A dinâmica política em Itália não é muito diferente da do Reino Unido. O eleitorado está com uma disposição insurrecional. O país não teve praticamente nenhum crescimento da produtividade desde que aderiu ao euro, em 1999. Até há pouco tempo, as instituições políticas italianas estavam tão pouco preocupadas com as hipóteses de perder o referendo como estavam as britânicas até sexta-feira de manhã. E continuam a desvalorizar as hipóteses de uma vitória do Cinco Estrelas, e assim continuarão até ao momento em que tal acontecer.
Na minha opinião, esse resultado é pelo menos tão provável como o Sr. Renzi sair vitorioso desta confusão. O povo italiano tem razões para exigir uma mudança fundamental. Ao contrário do Reino Unido, o desemprego é elevado. O próprio governo do Sr. Renzi não foi capaz de acabar com os escândalos de corrupção e, mais importante ainda, não foi capaz de resolver os problemas da economia.
Uma sondagem do Pew Research Center sobre as posições em relação à integração europeia nos maiores Estados membros sugere que os italianos e os gregos veem a governação económica da UE muito negativamente. Não fico surpreendido.
Também não me surpreende que as pessoas estejam a começar a culpar o euro pelos problemas económicos. Uma saída italiana da moeda única provocaria o colapso total da zona euro num período muito curto.
Isso levaria provavelmente ao choque económico mais violento da história - superando a falência do Lehman Brothers em 2008 e o crash de Wall Street em 1929. Mas a minha sensação é que aqueles que defendem uma partida italiana podem ficar muito satisfeitos se deitarem abaixo a casa inteira.

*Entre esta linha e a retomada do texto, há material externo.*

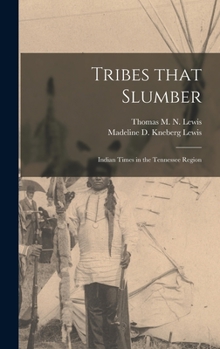 Hardcover Tribes That Slumber; Indian Times in the Tennessee Region Book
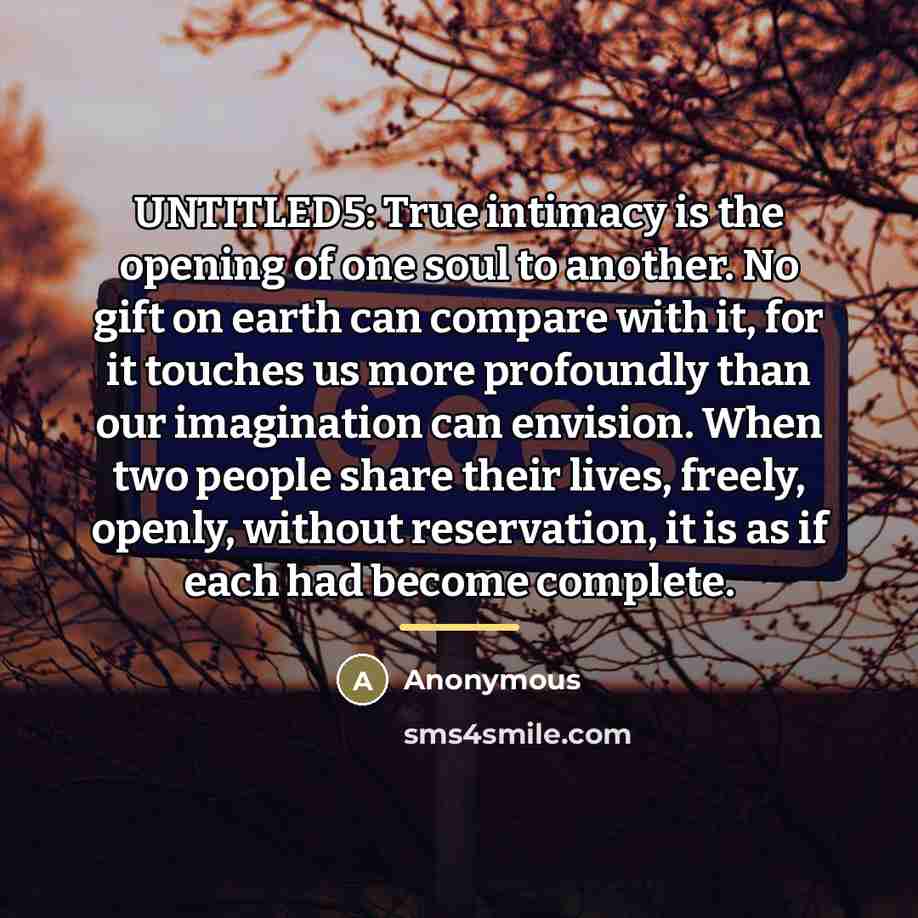 “UNTITLED5: True intimacy is the opening of one soul to…” quote by Anonymous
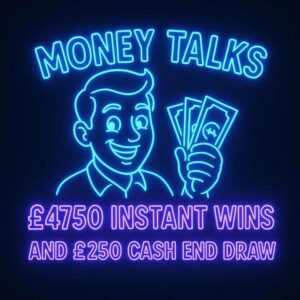 MONEY TALKS cash instant win £4750 cash instants and £250 cash end draw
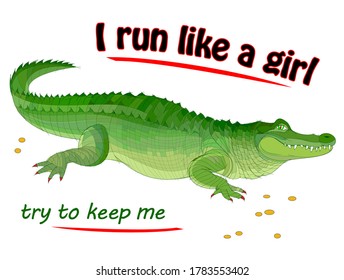 Fantastic illustration of cute crocodile with lettering. Modern fairy tale print for fashionable fabric, textile, decoration, embroidery. I run like a girl, try to keep me. Hand-drawn animal.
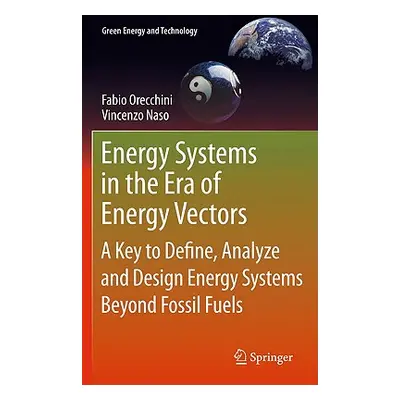 "Energy Systems in the Era of Energy Vectors: A Key to Define, Analyze and Design Energy Systems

Para evitar uma tal calamidade, os líderes da UE devem considerar seriamente fazer o que não conseguiram fazer desde 2008: resolver as suas múltiplas crises em vez de tentar saídas improvisadas. E isso terá de envolver um plano para a união política dos países da zona euro.
O Reino Unido não é a causa de tudo isto. A zona euro e os seus líderes assustadoramente fracos são os culpados. Mas o brexit pode muito bem ser o gatilho.